This gradient is then propagated backward to compute gradients for all preceding layers by chaining the partial derivatives layer by layer. 

#### 5. Parameter Optimization
The gradients computed using the chain rule are used in optimization algorithms (e.g., gradient descent) to update weights and biases, minimizing the loss function.

##### The purpose of the chain rule in backpropagation is to compute the gradient of the loss with respect to each weight and bias in a multi-layer neural network. It achieves this by breaking the gradient computation into smaller steps, linking the layers, and propagating the error backward from the output to the input. This allows efficient and accurate updates of the model parameters during training.

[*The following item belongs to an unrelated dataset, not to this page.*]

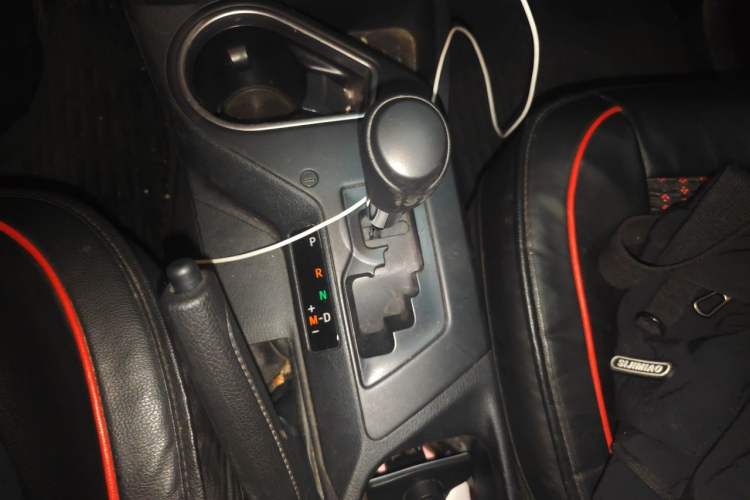 Used Toyota RAV4 2019 2.0L CVT Two-Wheel Drive Pioneer Edition China VI Standard Gear Lever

## 5.Implement the forward propagation process for a simple neural network with one hidden layer using NumPy.

In [1]:
import numpy as np

# Define the activation function (ReLU for hidden layer, sigmoid for output layer)
def relu(x):
    return np.maximum(0, x)

def sigmoid(x):
    return 1 / (1 + np.exp(-x))

# Define the forward propagation function
def forward_propagation(X, weights, biases):
    """
    Perform forward propagation through a neural network with one hidden layer.

    Parameters:
    - X: Input data, shape (n_features, n_samples)
    - weights: A dictionary with weights for the hidden and output layers
    - biases: A dictionary with biases for the hidden and output layers

    Returns:
    - A dictionary containing intermediate and final outputs (activations)
    """
    # Compute the hidden layer
    Z1 = np.dot(weights['W1'], X) + biases['b1']  # Weighted sum for hidden layer
    A1 = relu(Z1)                                # Activation for hidden layer

    # Compute the output layer
    Z2 = np.dot(weights['W2'], A1) + biases['b2']  # Weighted sum for output layer
    A2 = sigmoid(Z2)                               # Activation for output layer

    # Store intermediate results for potential backpropagation
    activations = {
        'Z1': Z1, 'A1': A1,
        'Z2': Z2, 'A2': A2
    }
    return activations

# Example setup
np.random.seed(42)  # For reproducibility

# Input data (2 features, 3 samples)
X = np.array([[0.5, 1.5, -1.0],
              [1.0, -0.5,  2.0]])

# Neural network parameters
weights = {
    'W1': np.random.randn(4, 2),  # 4 neurons in hidden layer, 2 input features
    'W2': np.random.randn(1, 4)  # 1 output neuron, 4 hidden neurons
}
biases = {
    'b1': np.random.randn(4, 1),  # Bias for 4 hidden neurons
    'b2': np.random.randn(1, 1)  # Bias for 1 output neuron
}

# Perform forward propagation
activations = forward_propagation(X, weights, biases)

# Output results
print("Hidden layer activations (A1):")
print(activations['A1'])
print("\nOutput layer activations (A2):")
print(activations['A2'])


Hidden layer activations (A1):
[[0.35205505 1.05616565 0.        ]
 [0.         0.         0.48509093]
 [0.         0.         0.        ]
 [0.99475361 1.42281433 0.        ]]

Output layer activations (A2):
[[0.16227489 0.10235562 0.32089971]]